Der Eisenbahnunfall von Rüsselsheim ereignete sich am 2. Februar 1990 im Bereich des Bahnhofs Rüsselsheim auf der Mainbahn. Dabei fuhr ein Zug der S-Bahn Rhein-Main an einem „Halt“ gebietenden Signal vorbei. Da der anschließende Durchrutschweg bis zur Weiche zu kurz war, konnte auch die sofort eingeleitete Zwangsbremsung nicht verhindern, dass er in den Fahrweg eines entgegenkommenden Zuges geriet. Mit 17 Toten und 145 zum Teil schwer Verletzten war dies der schwerste Unfall in der Geschichte der S-Bahn Rhein-Main.

Der Abstand zwischen dem Ende des südlichen Bahnsteigs des Bahnhofs Rüsselsheim und dem Ausfahrsignal in Richtung Frankfurt am Main war ungewöhnlich lang.

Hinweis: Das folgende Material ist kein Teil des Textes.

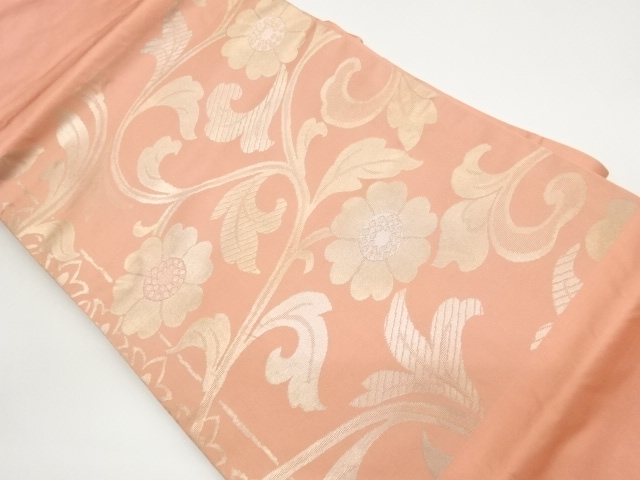 JAPANESE NAGOYA OBI / WOVEN FLOWER ARABESQUE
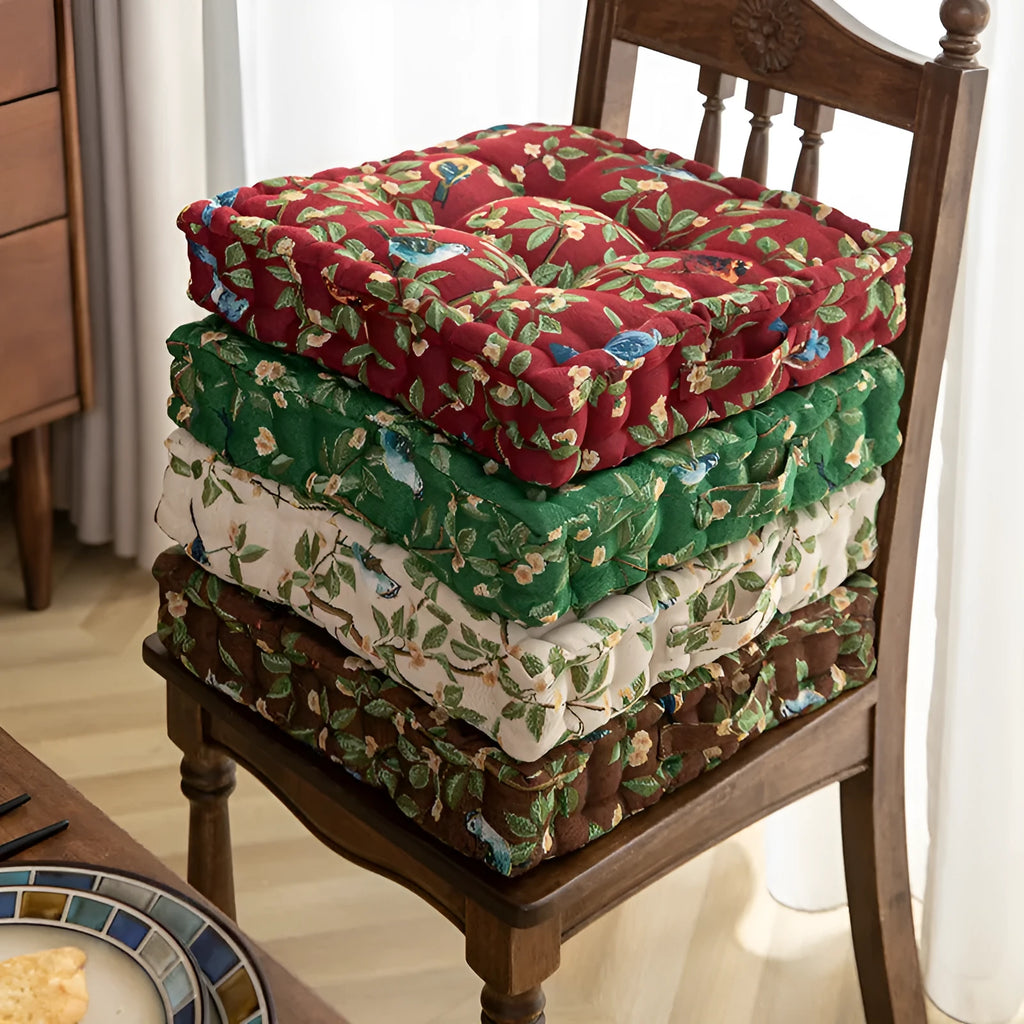 American dining chair back cushion 40×40×8cm thick with plant pattern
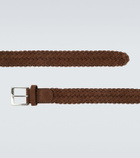 Kiton Woven suede belt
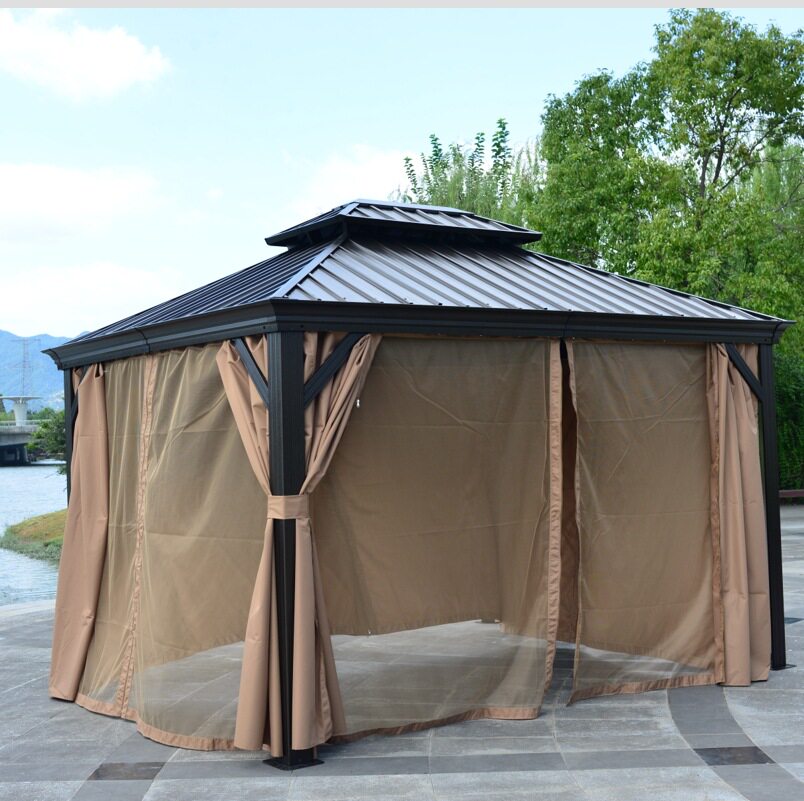 户外遮阳棚铝合金镀锌凉亭别墅庭院休闲罗马帐棚农家乐商用防雨棚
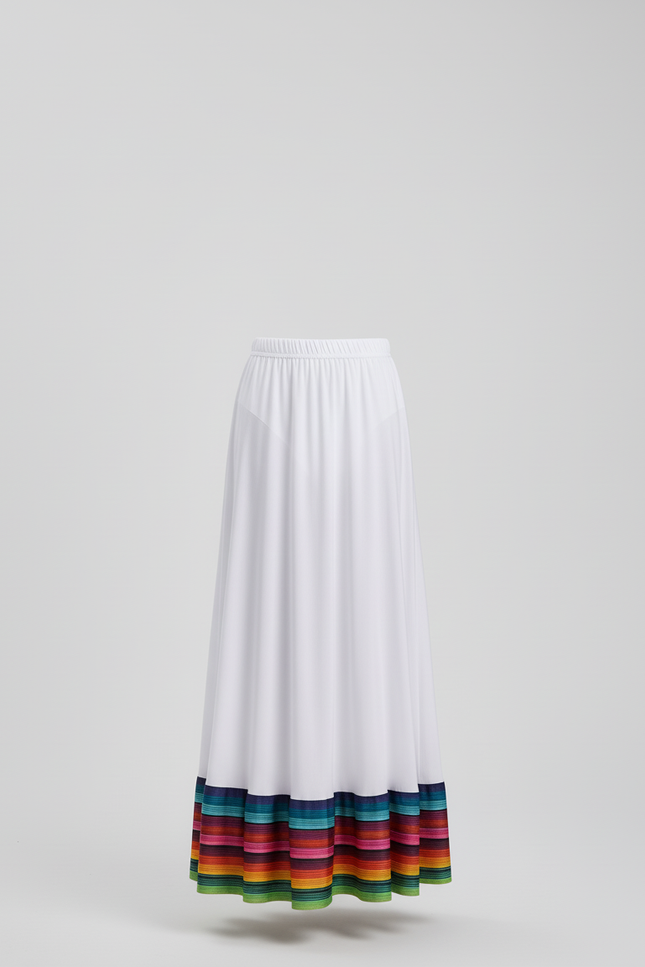 Jupe Longue Fluide Blanche Arc-En-Ciel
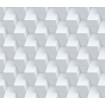 WP-003-01 Dimex Line vliesová látková tapeta na zeď - Bílý grafický vzor s 3D efektem, velikost 10,05 m x 75 cm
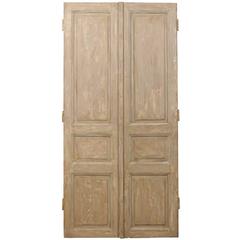 Pair of Tall French Brown Wooden Doors with Grey and Cream Accents, 19th Century 10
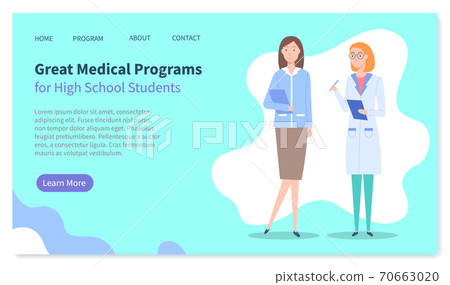 Landing page of medical website, great medical programs for high school students, medical education Landing page of medical website, great medical programs for high school students, medical education 70663020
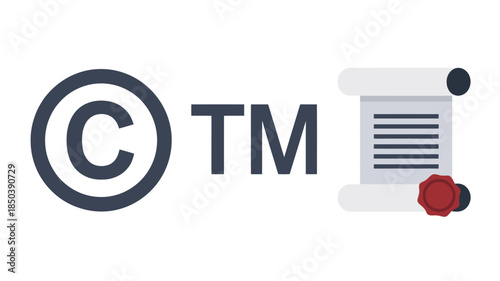 Trademark and symbol with document and red wax seal in simple flat design with dark blue color on white background for intellectual property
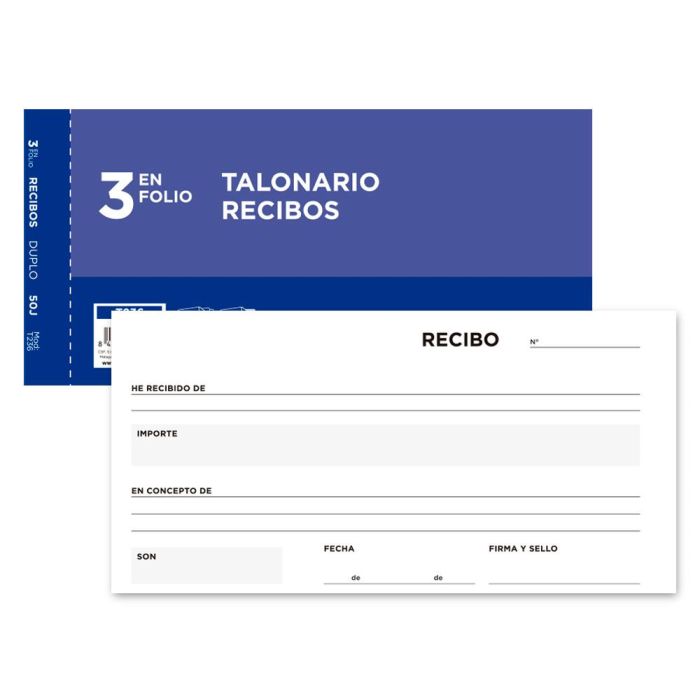 Talonario Liderpapel Recibos 3-Fº Original Y Copia 236 Sin Matriz 10 unidades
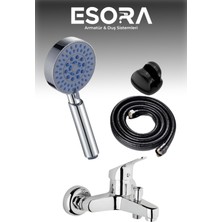 Krom Banyo Bataryası Duş Başlığı Hortumu ve Mafsalı Set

Am Nachmittag des 2. Februar 1990 fuhr der 24 Jahre alte Triebfahrzeugführer mit seiner S-Bahn der Baureihe 420 der Linie S 14 des Frankfurter Verkehrsverbundes in Richtung Frankfurt am Main. Er musste fahrplangemäß im Bahnhof Rüsselsheim halten.[1]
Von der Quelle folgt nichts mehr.